• **Problem requirements**:
Find the line with "저널스탠다드카멜코트--1" in the entries below, then output every line from it down to the line with "Who Will Headline", exactly and with no pictures.

• **Source records**:

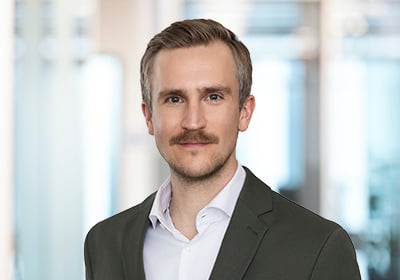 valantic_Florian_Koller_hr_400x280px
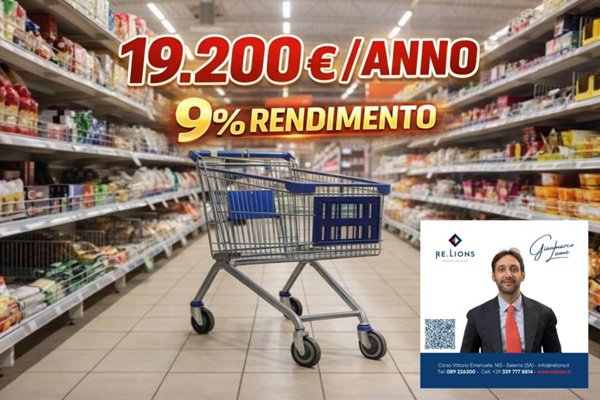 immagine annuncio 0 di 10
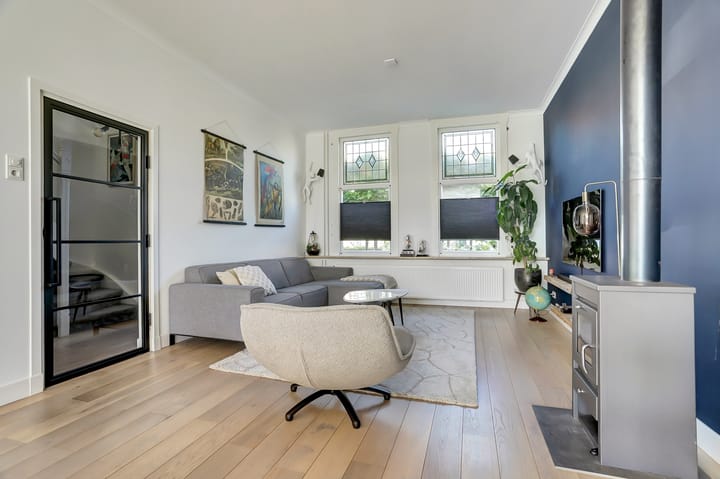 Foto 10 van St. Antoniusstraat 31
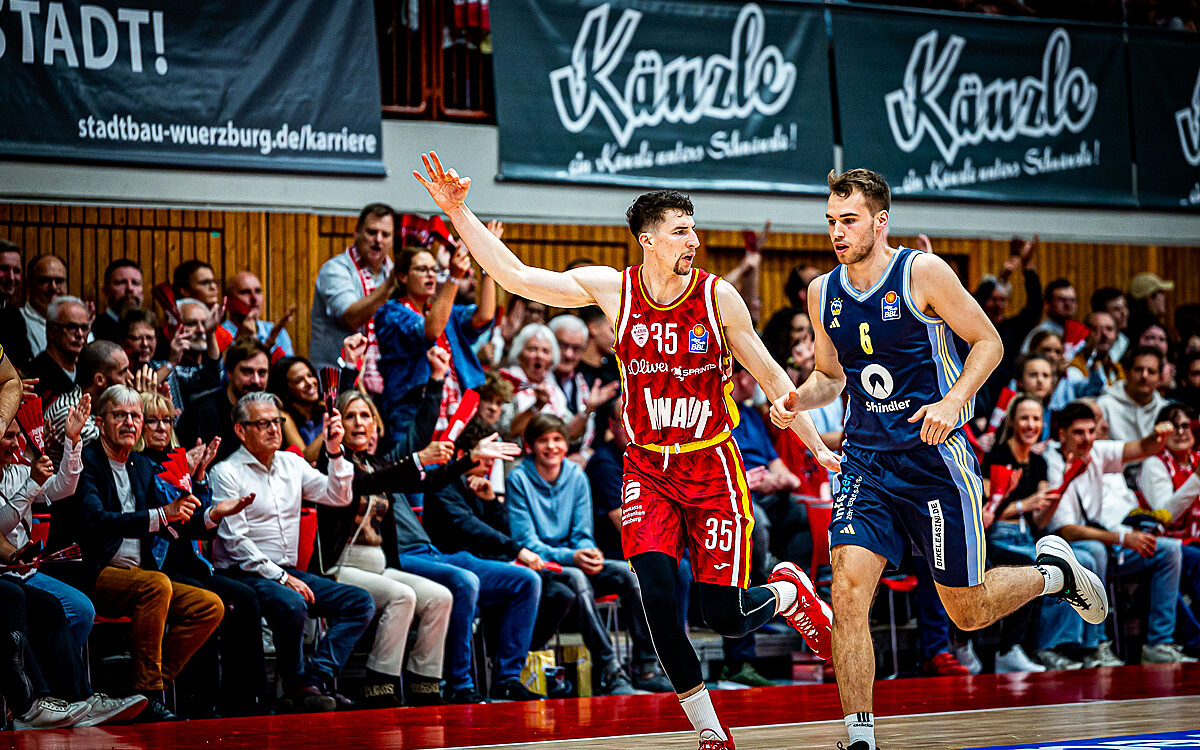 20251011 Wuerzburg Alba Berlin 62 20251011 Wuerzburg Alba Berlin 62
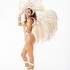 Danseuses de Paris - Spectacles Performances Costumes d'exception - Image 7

* * *

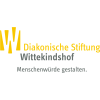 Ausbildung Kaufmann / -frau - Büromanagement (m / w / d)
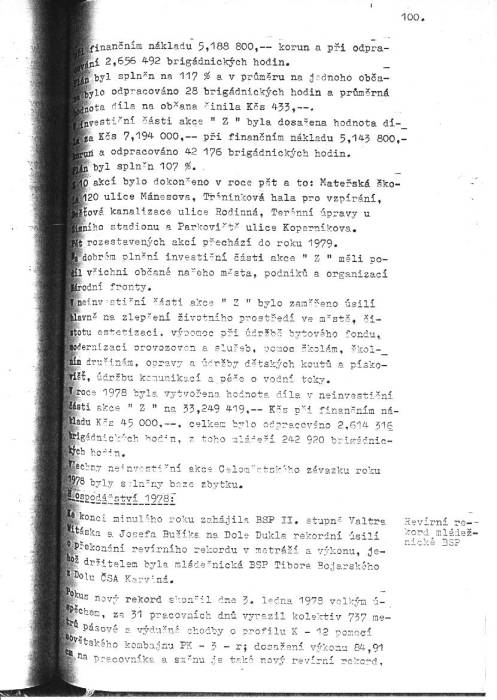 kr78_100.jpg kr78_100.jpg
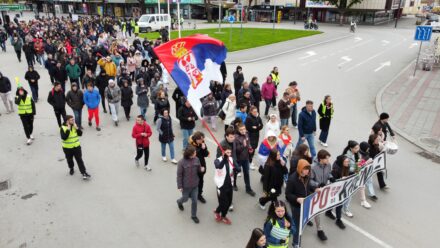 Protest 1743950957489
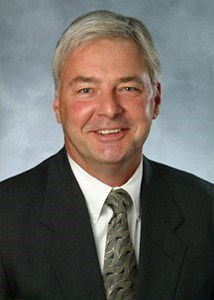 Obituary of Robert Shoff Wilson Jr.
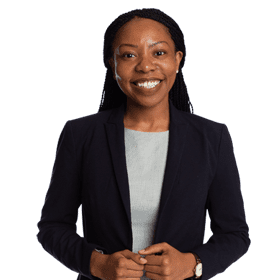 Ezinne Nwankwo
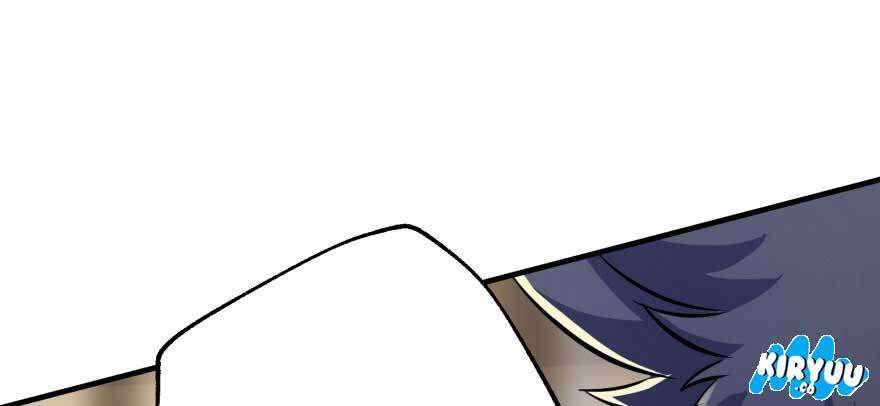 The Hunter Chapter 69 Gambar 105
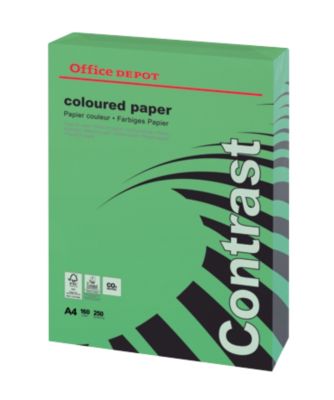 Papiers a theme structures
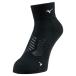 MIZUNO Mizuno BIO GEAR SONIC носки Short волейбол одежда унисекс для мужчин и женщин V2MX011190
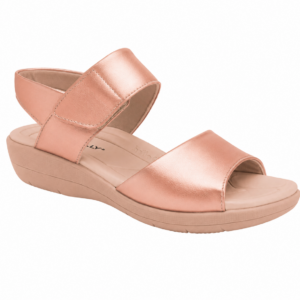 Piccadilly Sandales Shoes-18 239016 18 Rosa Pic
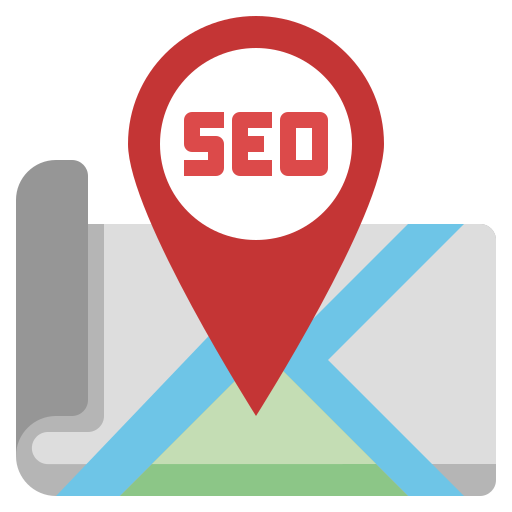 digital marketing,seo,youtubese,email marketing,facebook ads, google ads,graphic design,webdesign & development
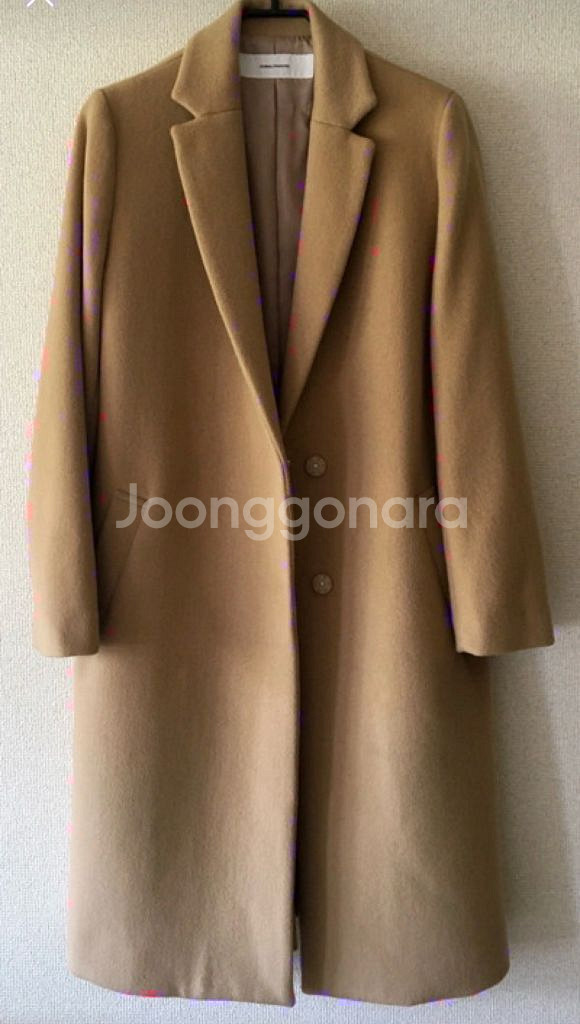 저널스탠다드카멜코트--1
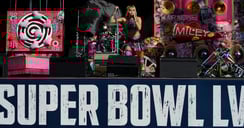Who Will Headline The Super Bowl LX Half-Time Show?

==

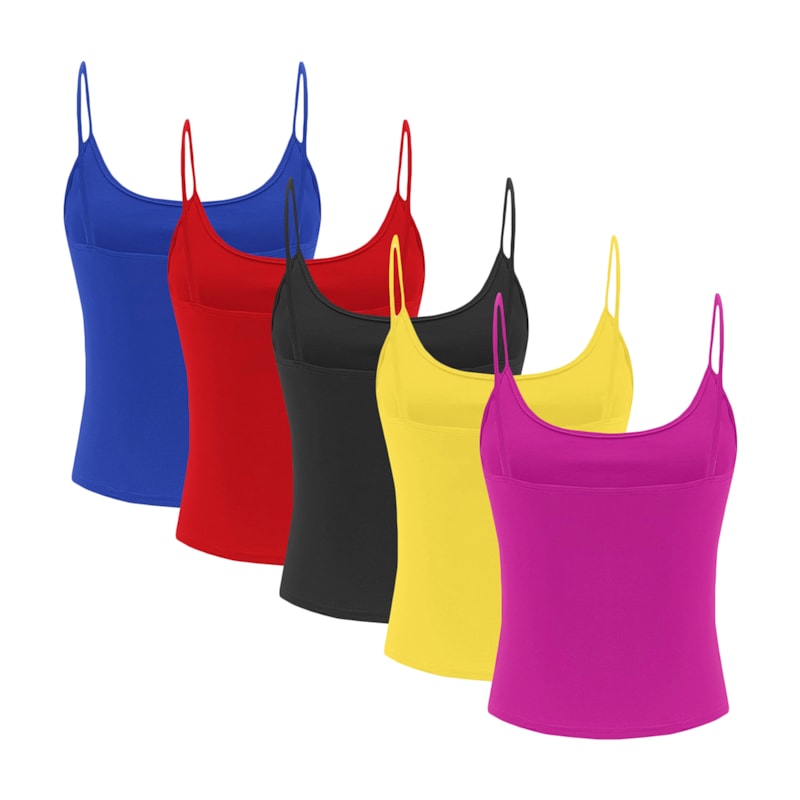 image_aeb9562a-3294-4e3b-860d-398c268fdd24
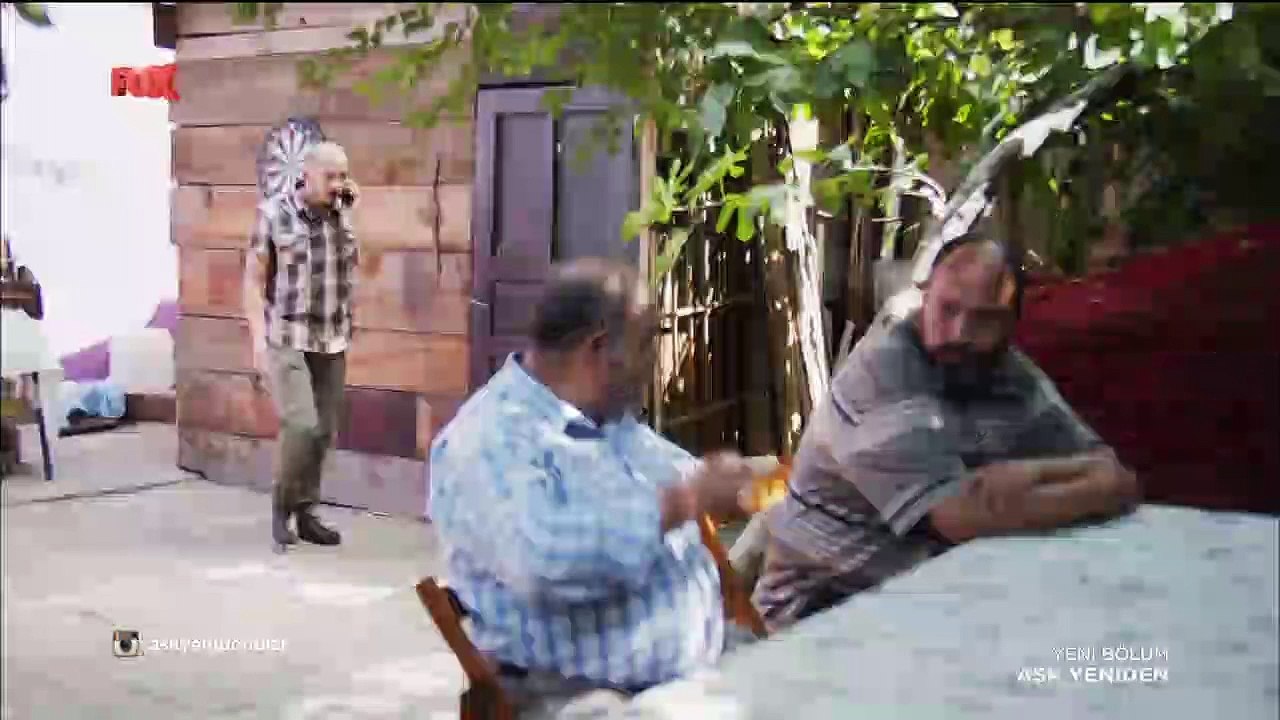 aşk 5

• **Result of this exercise**:
 저널스탠다드카멜코트--1
Who Will Headline The Super Bowl LX Half-Time Show?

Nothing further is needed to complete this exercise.